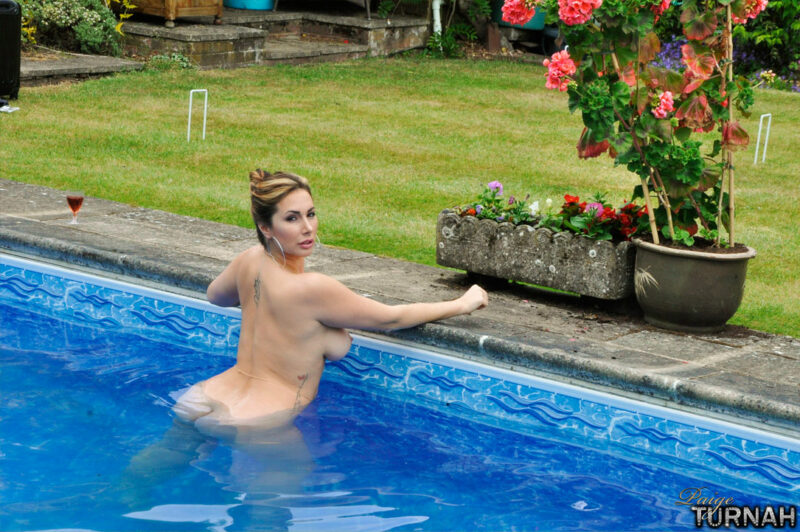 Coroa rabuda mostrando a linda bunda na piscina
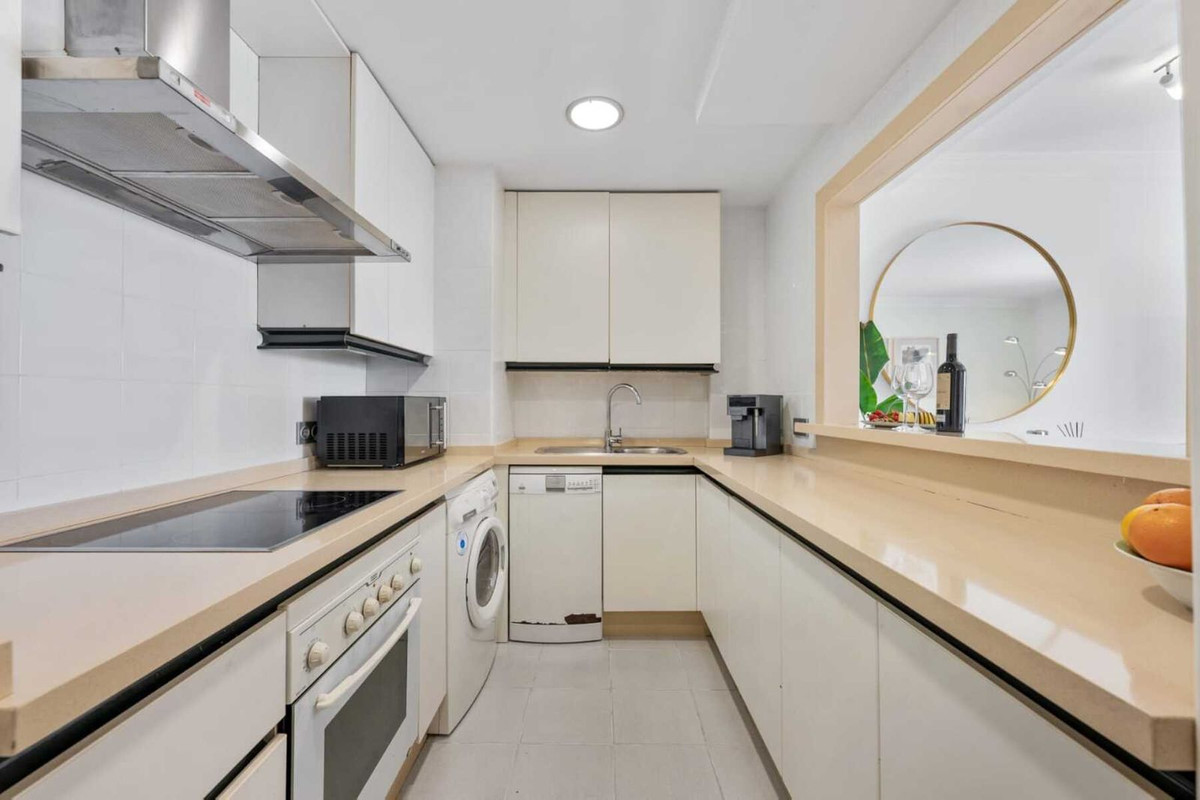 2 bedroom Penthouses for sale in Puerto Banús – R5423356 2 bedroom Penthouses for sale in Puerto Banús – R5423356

==

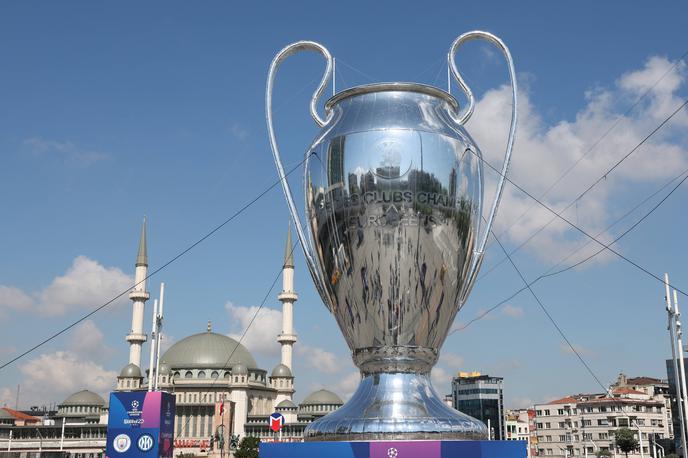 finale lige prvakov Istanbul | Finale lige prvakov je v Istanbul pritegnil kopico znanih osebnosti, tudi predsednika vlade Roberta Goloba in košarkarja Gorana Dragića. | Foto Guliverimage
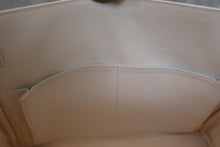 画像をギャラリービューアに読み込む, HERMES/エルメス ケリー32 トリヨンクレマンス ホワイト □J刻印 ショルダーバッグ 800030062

...

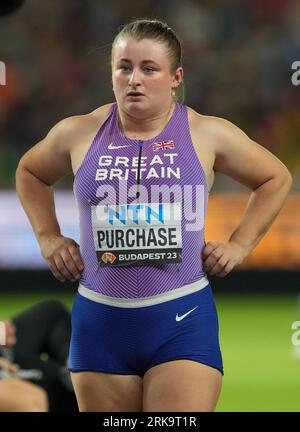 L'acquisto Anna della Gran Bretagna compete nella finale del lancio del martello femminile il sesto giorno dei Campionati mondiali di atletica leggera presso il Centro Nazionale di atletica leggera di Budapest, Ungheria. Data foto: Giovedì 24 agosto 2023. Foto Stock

* [WHAT IS BEING ASKED]
Only the lines of the listing above from the one with "Coroa rabuda mostrando" through the one with "2 bedroom Penthouses for sale in Puerto Banús – R5423356 2" should be output, exactly, with both ends kept and pictures left out.

* [ANSWER BOX]
 Coroa rabuda mostrando a linda bunda na piscina
 2 bedroom Penthouses for sale in Puerto Banús – R5423356 2 bedroom Penthouses for sale in Puerto Banús – R5423356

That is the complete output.